As higher education has expanded, courses have spread way beyond the disciplines - the fundamental ways of making sense of the world - that comprise the school curriculum. While there has been an explosion in media studies, design, psychology and business studies, subjects like maths, the physical sciences and languages have remained on a plateau. The situation is similar at A-level.

Since the number of applications barely reaches the places already available in maths, the physical sciences and languages there is little scope in these subjects for improving the supply of teachers by increasing the graduate pool. Something along these lines would be possible in the humanities, but here the need is less acute.

Any structural changes are most likely to have to come from the other end - and hence perhaps the emphasis on attractiveness. But recognising it as a structural problem would at least mean that easy solutions are not sought in advertising, exhortation and scapegoating.

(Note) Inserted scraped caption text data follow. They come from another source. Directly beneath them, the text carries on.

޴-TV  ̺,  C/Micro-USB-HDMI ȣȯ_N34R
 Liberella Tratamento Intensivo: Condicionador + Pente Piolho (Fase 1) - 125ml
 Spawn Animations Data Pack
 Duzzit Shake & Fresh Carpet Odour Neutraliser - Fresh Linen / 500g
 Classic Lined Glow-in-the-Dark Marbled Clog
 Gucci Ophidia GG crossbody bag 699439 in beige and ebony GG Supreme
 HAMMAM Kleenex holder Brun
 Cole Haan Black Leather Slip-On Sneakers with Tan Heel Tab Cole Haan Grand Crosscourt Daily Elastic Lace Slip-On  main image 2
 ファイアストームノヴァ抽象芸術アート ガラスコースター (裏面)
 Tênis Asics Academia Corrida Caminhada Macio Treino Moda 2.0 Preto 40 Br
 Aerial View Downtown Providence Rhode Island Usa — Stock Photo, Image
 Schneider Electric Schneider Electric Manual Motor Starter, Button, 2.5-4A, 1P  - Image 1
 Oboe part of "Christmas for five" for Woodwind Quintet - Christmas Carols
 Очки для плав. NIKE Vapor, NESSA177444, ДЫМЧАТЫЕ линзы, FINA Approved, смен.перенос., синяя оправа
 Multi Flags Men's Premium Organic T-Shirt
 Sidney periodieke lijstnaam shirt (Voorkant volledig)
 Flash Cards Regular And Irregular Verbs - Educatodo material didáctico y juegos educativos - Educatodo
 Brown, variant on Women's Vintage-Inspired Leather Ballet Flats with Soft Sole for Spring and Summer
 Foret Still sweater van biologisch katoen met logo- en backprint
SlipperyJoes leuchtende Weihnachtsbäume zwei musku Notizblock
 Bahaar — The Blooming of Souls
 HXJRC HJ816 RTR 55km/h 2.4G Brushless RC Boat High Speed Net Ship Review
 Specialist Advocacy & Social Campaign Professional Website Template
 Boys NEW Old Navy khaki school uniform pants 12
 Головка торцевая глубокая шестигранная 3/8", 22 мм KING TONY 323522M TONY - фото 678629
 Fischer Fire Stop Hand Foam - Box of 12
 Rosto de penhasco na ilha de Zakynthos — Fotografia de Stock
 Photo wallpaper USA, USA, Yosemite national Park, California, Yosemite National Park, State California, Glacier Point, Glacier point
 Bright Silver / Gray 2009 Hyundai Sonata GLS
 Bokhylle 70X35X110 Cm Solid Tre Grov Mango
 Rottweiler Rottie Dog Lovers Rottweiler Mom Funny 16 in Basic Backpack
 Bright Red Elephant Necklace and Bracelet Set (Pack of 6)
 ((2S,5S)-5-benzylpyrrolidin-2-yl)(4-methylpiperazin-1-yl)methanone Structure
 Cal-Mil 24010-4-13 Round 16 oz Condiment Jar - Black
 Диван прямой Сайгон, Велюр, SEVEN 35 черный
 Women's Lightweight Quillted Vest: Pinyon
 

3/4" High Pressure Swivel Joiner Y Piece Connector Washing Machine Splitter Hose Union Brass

The plain fact is that teaching is now in open competition with other graduate occupations where formerly it was not, and it needs a massive number of graduates. To ensure a continuing supply of high-quality entrants will probably require a major overhaul of the profession - what teachers are expected to do, how they are deployed and what they are paid.

There are more trained teachers of working age not teaching than are serving in our schools - which is telling us something. If only some of those had stayed, then fewer replacements would be needed; and the training institutions would not now be seeking to capture an unrealistic proportion of graduates.

Professor Alan Smithers and Dr Pamela Robinson are director and deputy-director of the centre for education and employment research at Brunel University.